In this “Appendix”, we give a detailed discussion on the derivation for the gradient process (8). To proceed, let U be convex and \((X^*,u^*)\) be any state-control pair which could be an optimal pair. For any \(u^M \in \mathcal{U}_{ad}[0,T]\), we let \(u^{\varepsilon ,M}=u^*+\varepsilon (u^M-u^*)\). Then the Gâteaux derivative of \(u^M\mapsto J^*(u^M)\) at \(u^*\) is given by the following:

$$\begin{aligned} \begin{array}{ll} \displaystyle \lim _{\varepsilon \rightarrow 0}{J^*(u^{\varepsilon ,M} )-J^*(u^*)\over \varepsilon }= {\mathbb {E}} \Big [\int _0^T\big (f^{*}_x(t) \mathcal {D}X_t+f^{*}_u(t)[u^M_t-u^{*}_t]\big )d t+h_x\mathcal{D}X_T\Big ], \end{array} \end{aligned}$$

(46)

where

$$\begin{aligned} \begin{array}{ll} \displaystyle \mathcal{D}X_t=\int _0^t\Big (b^{*}_x(s)\mathcal{D}X_s+b^{*}_u(s)[u^M_s-u^*_s]\Big )ds+\int _0^t\Big (\sigma ^{*}_x(s)\mathcal{D}X_s+\sigma ^{*}_u(s)[u^M_s-u^*_s]\Big )dW_s, \end{array} \end{aligned}$$

with \(\mathcal{D}X_0 = 0\). For convenience of presentation, we denote \(\psi ^{*}(t) := \psi (t,X^*_t,u^*_t)\) and use subscript to denote partial derivative of a function. Let \((Y,Z,\zeta )\) be the adapted solution to the following adjoint backward stochastic differential equation (BSDE)
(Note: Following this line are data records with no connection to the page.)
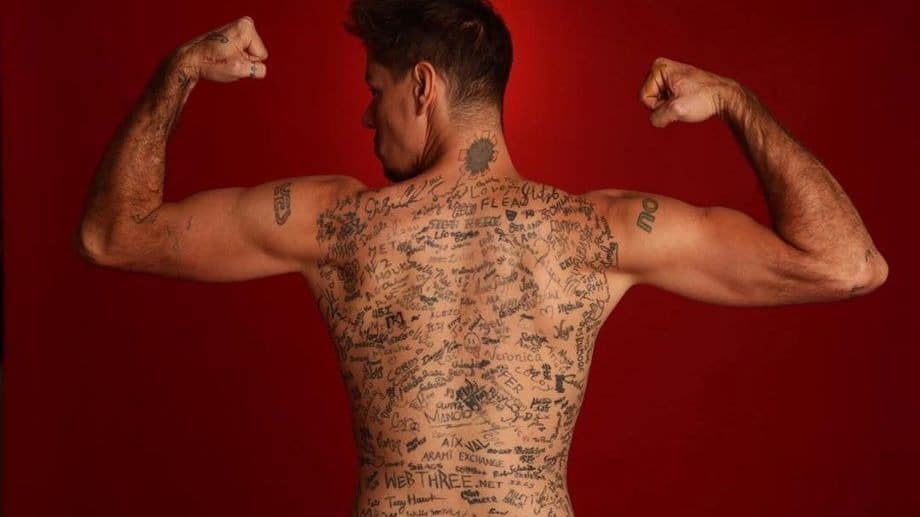 Фотография: Распишитесь! Инфлюенсер установил мировой рекорд, нанеся на спину 225 тату-автографов №4 - BigPicture.ru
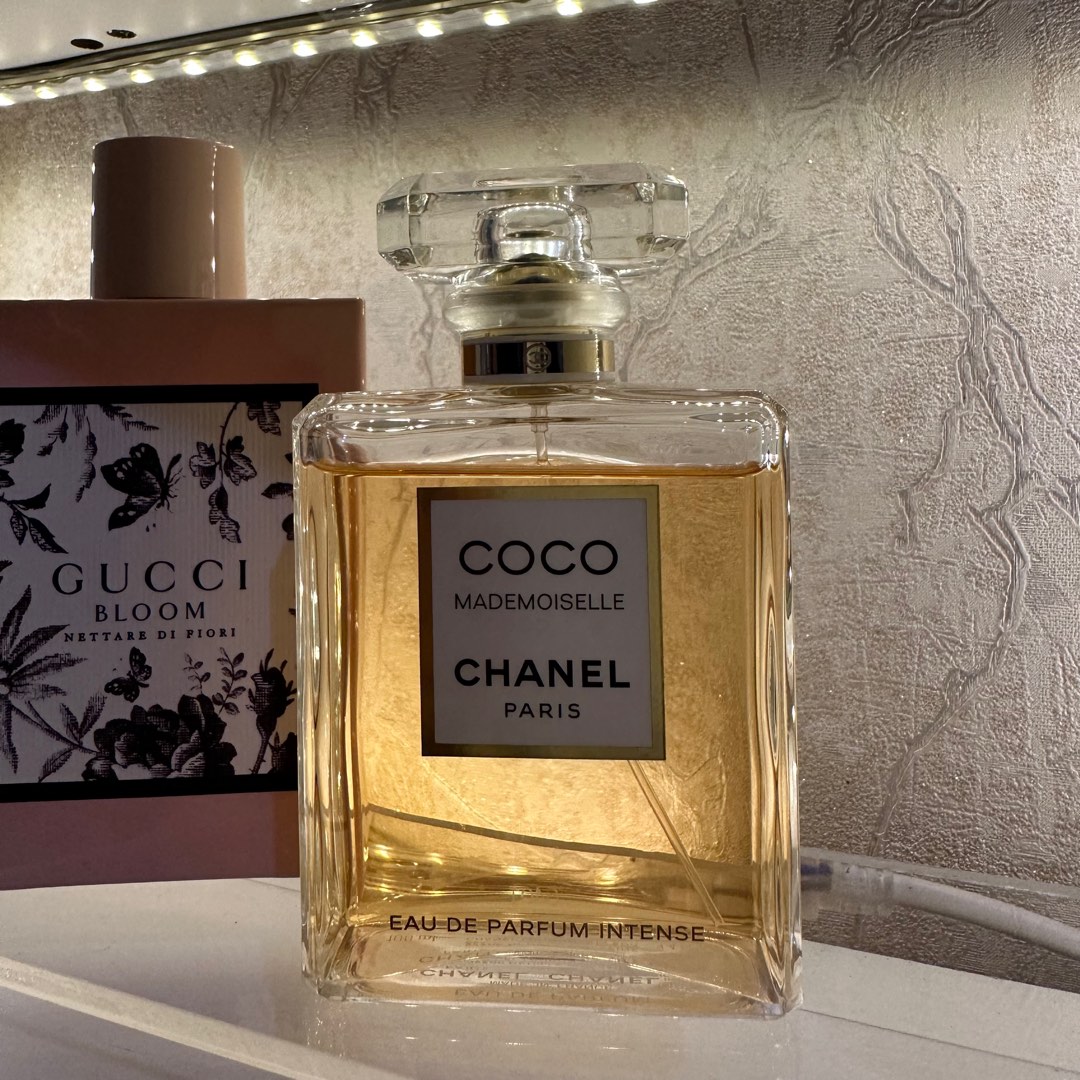 Bleu de Chanel Paris, parfum Bleu for men sample 1.5ml, Kesehatan &  Kecantikan, Parfum, Kuku & Lainnya di Carousell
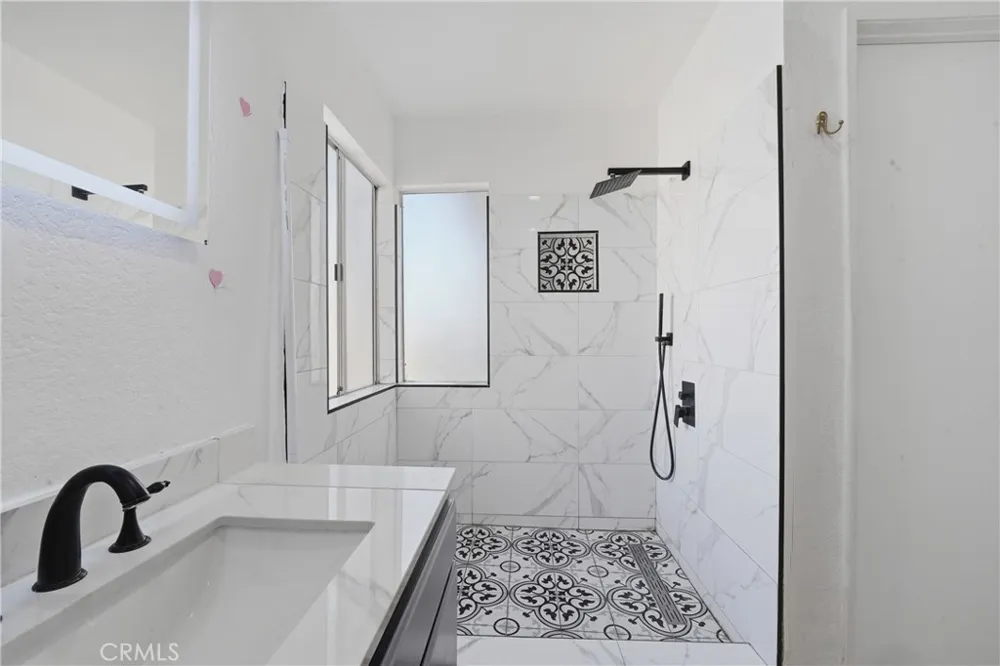 2915 E 60th Pl #A Huntington Park, CA 90255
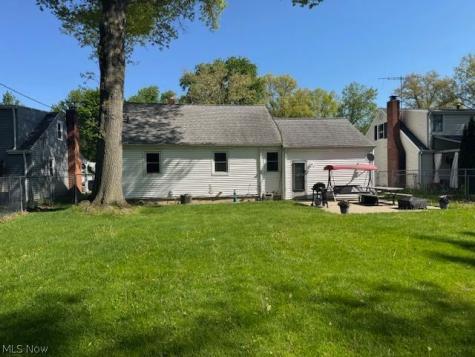 367 University Avenue Elyria OH 44035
$$\begin{aligned} \displaystyle dY_s=\Big (-b^{*}_x(s)^\top Y_s-\sigma ^{*}_x(s)^\top Z_s-g^{*}_x(s)^\top \Big )ds+Z_s dW_s+\zeta _sdB_s,\qquad Y_T=(h^{*}_x)^\top \end{aligned}$$

with \(h^{*}_x:=h_x(X^*_T)\), where Z is the martingale representation of Y with respect to W and \(\zeta \) is the martingale representation of Y with respect to B. Then

$$\begin{aligned} \begin{aligned} \displaystyle h^{*}_x \mathcal {D}X_T=&\ \langle Y_T, \mathcal {D}X_T\rangle -\langle Y_0, \mathcal {D}X_0\rangle \\ \displaystyle =&\ \int _0^T\Big (\langle -b^{*}_x(t)^\top Y_t-\sigma ^{*}_x(t)^\top Z_t-f^{*}_x(t)^\top ,\mathcal {D}X_t\rangle \\&\ \quad \quad \quad \quad +\langle Y_t,b^{*}_x(t)\mathcal {D}X_t+b^{*}_u(t)[u^M_t-u^*_t]\rangle \\&\ \displaystyle \qquad \qquad +\langle Z_t,\sigma ^{*}_x(t)\mathcal {D}X_t+\sigma ^{*}_u(t)[u^M_t-u^*_t]\rangle \Big )ds\\&\ \displaystyle \qquad \qquad +\int _0^T\Big (\langle Z_t, \mathcal {D}X_t\rangle +\langle Y_t, \sigma ^{*}_x(t)\mathcal {D}X_t+\sigma ^{*}_u(t)[u^M_t-u^{*}_t]\Big )dW_t \\&\ \displaystyle \qquad \qquad +\int _0^T\langle \zeta _t,\mathcal{D}X_t+\sigma ^{*}_u(t)[u^M_t-u_t^*]\rangle dB_t\\ \displaystyle =&\ \int _0^T\Big (-f^{*}_x(t)\mathcal {D}X_t+\langle b^{*}_u(t)^\top Y_t+\sigma ^{*}_u(t)^\top Z_t,u^M_t-u^*_t\rangle \Big )dt\\&\ \displaystyle \qquad +\int _0^T\Big (\langle Z_t, \mathcal {D}X_t\rangle +\langle Y_t,\sigma ^{*}_x(t)\mathcal {D}X_t\rangle +\sigma ^{*}_u(t)[u^M_t-u^*_t]\Big )dW_t\\&\ \displaystyle \qquad \qquad +\int _0^T\langle \zeta _t,\mathcal{D}X_t+\sigma ^{*}_u(t)[u^M_t-u_t^*]\rangle dB_t. \end{aligned} \end{aligned}$$

Substituting the above equation into the right hand side of (46), we obtain

$$\begin{aligned} \begin{aligned}&\lim _{\varepsilon \rightarrow 0}{J^*(u^{\varepsilon , M})-J^*(u^*)\over \varepsilon }\\ =&\ {\mathbb {E}} \Big [\int _0^T\big (f_x(t)\mathcal {D}X_t+f_u(t)[u^M_t-u^*_t]\big )dt+h_x\mathcal{D}X_T \Big ]\\ =&\ {\mathbb {E}} \Big [\int _0^T\Big (\langle b^{*}_u(t)^\top Y_t+\sigma ^{*}_u(t)^\top Z_t+f^{*}_u(t)^\top ,u^M_t-u^*_t\rangle \Big )dt\Big ]\\ =&\ {\mathbb {E}} \Big [\int _0^T\langle {\mathbb {E}} \big [b^{*}_u(t)^\top Y_t+\sigma ^{*}_u(t)^\top Z_t+f^{*}_u(t)^\top \bigm |\mathcal{F}^M_t\big ],u^M_t-u^*_t\rangle dt\Big ]. \end{aligned} \end{aligned}$$

Here, we have used that \(u^M_t-u_t^*\) is \(\mathcal{F}_t^M\)-measurable. Hence, in the case that \(u^*\) is in the interior of U, one has

$$\begin{aligned} (J^*)'_u(u^*_t)= {\mathbb {E}} \big [b^{*}_u(t)^\top Y_t+\sigma ^{*}_u(t)^\top Z_t+f^{*}_u(t)^\top \bigm |\mathcal{F}^M_t\big ], \quad t \in [0, T], \end{aligned}$$

as required in (8), where Y and Z are solutions of the FBSDE system (9).